AI Red Teaming in Regulated Industries

Most large financial institutions and healthcare systems have run at least one AI red team exercise. Few have run one their compliance function could point to during a regulatory exam. That gap is the core problem, and it is widening as AI deployments multiply faster than test programs mature.

OCC Bulletin 2011-12 treats adversarial testing of model behavior as a component of sound model validation, and the FCA has issued comparable expectations for machine learning used in consumer-facing credit decisions. The EU AI Act mandates adversarial robustness and bias testing for enumerated high-risk AI categories, including credit scoring and biometric identification, with enforcement beginning August 2026. Regulators are asking questions that a standard red team exercise, scoped around jailbreaks and system-prompt extraction, was never designed to answer.

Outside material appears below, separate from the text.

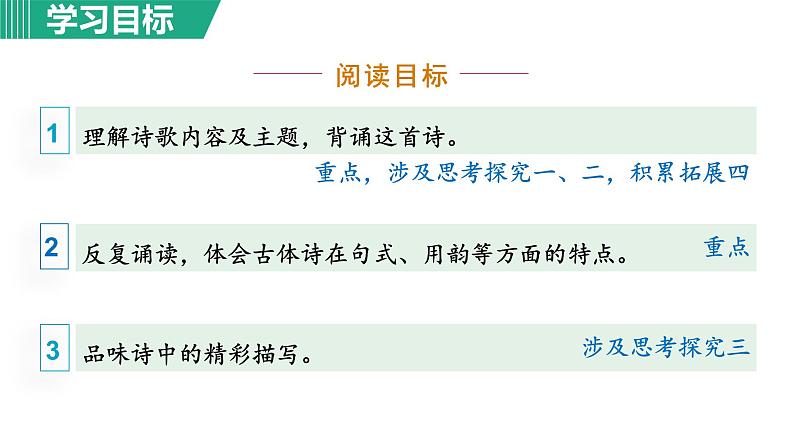 部编版八年级语文下册课件----24.茅屋为秋风所破歌第3页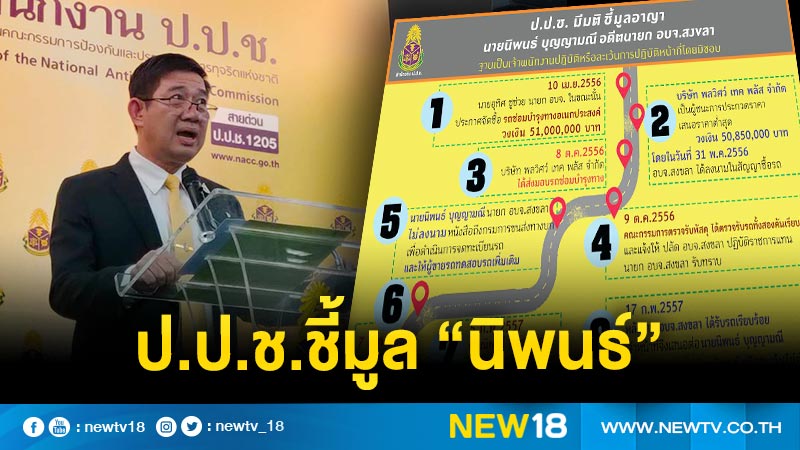 ป.ป.ช.ชี้มูล “นิพนธ์” ปฏิบัติหน้าที่ไม่ชอบสมัยเป็นนายก อบจ.สงขลา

We have worked through this problem with banks, insurers, and health systems operating under active regulatory oversight. The core issue is that regulated-industry red teaming must prove something different from what security research red teaming proves. Security-focused adversarial AI research asks: can an attacker make this model do something unexpected? A regulator asks: can this model generate a consumer harm, a fair-lending violation, or a privacy breach under conditions your test environment did not anticipate? Different questions. Different test designs. Programs that conflate the two tend to produce reports that impress CISOs and confuse examiners.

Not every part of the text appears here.